Data excerpt –
+---+

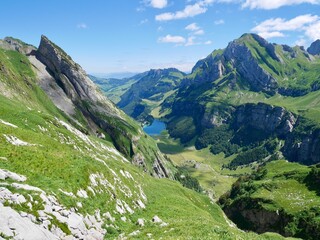 Fototapeta na wymiar Panoramic view of idyllic Seealpsee in Alpstein massif. Appenzell, Switzerland.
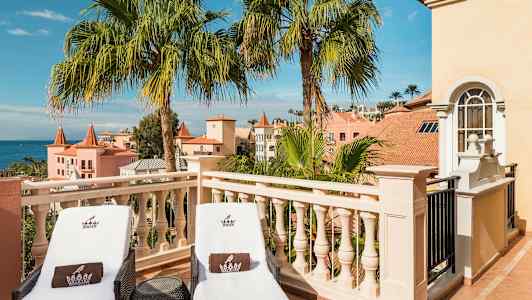 To solsenger på en terrasse med utsikt over palmer og pastellfargede bygninger. (AI-generert tekst)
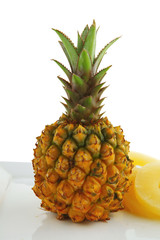 fresh raw pineapple and slices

+---+

What needs to be done –
Output the data above exactly; pictures do not belong in the copy.

Exercise solution –
 Fototapeta na wymiar Panoramic view of idyllic Seealpsee in Alpstein massif. Appenzell, Switzerland.
 To solsenger på en terrasse med utsikt over palmer og pastellfargede bygninger. (AI-generert tekst)
 fresh raw pineapple and slices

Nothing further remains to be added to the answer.